The Assembly Utilities and Energy Committee voted 10-4 along party lines to pass SB-100, which the Senate passed on a 25-13 vote in May.
The bill retains qualifying resources such as wind, solar, geothermal and others currently under the state’s renewable portfolio standard for the first 60% of the requirement, a threshold power sellers must meet by 2030. It does not specify what resources will qualify for the additional 40% target after 2030, except that they be zero carbon. This would keep hydroelectric plants larger than 30 MW in the mix.
Natural gas-fired generation currently accounts for about 36% of California’s electricity mix, followed by renewables (25%), large hydro (10%) and nuclear (9%), according to state data. Imports of coal-fired power still make up about 4% of sales.
While many building trade, renewable energy and public interest groups spoke in favor of the bill at a July 12 hearing at the state capitol, utility representatives complained that their companies will be responsible for dealing with the challenges of implementation.
“None of those stakeholders have all that much skin in the game to how this all actually works,” Southern California Edison lobbyist Ryan Pierini said, adding that utilities are held responsible if blackouts occur. The utility doesn’t oppose the goal but has concerns about the methods of getting there, he said.
A Sacramento Municipal Utilities District representative said the utility does not have a position on the bill, but that transmission constraints will make it difficult to attain. The utility hopes to be granted some “flexibility” in reaching the goal because there are worries over grid reliability and costs.

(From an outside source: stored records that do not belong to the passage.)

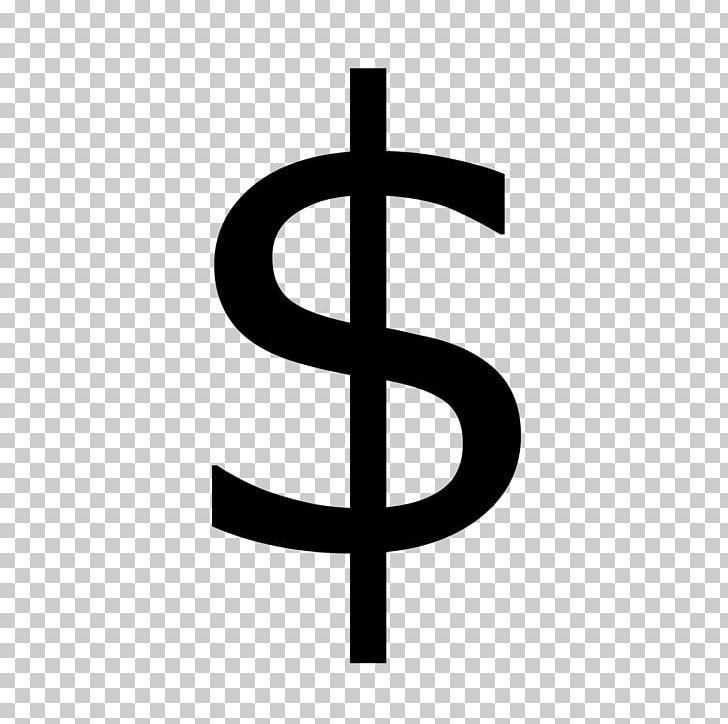 Dollar Sign PNG, Clipart, Brand, Business, Casey Rubber Stamps, Design, Dollar Free PNG Download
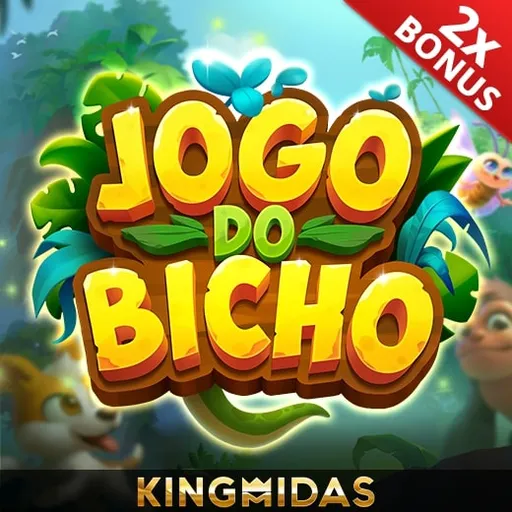Jogo de Bozó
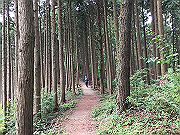 20150921-037_thumb.png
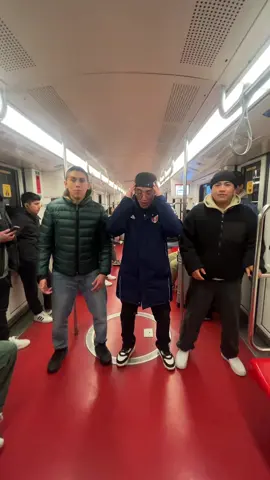 4k en Milán que hermosura #navidad #4k #humor 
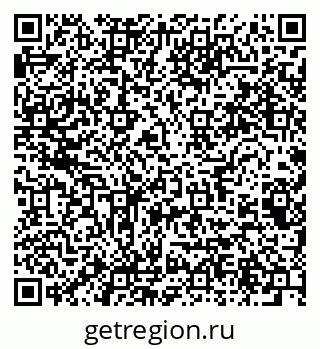 79064825832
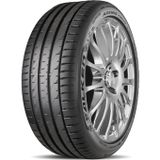 Falken 255/55 R19 111W XL Azenis FK520 Yaz Lastiği 2025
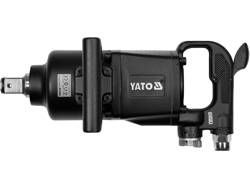 CHAVE DE IMPACTO 1'', 2600 NM, CURTA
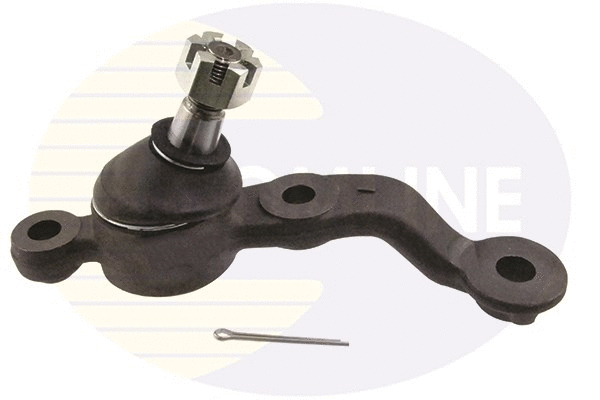 Ball Joint (CBJ5006)
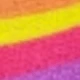 Yellow Purple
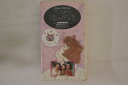 【中古】VHS Movie やっぱり 猫が好き 自動車教習所編 V78F1921 フジテレビ /00300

During the hearing, committee Chairman Chris Holden (D) and Vice Chair Jim Patterson (R) debated the number of jobs and companies leaving California, which Patterson said is losing economic development because of energy costs.
Patterson said that the legislature had not considered the impact on ratepayers struggling with high electricity bills and facing utility cut-offs.
“We are … going full-blown into an area in which we have no definitive information about the costs,” Patterson said.
Holden told Patterson that “we have different perspectives on this issue.”
The bill also requires the California Energy Commission and California Air Resources Board to incorporate the policy into all relevant policies and programs. If passed, the law will oblige those agencies and CAISO to provide legislators with an implementation report every two years beginning Feb. 1, 2019.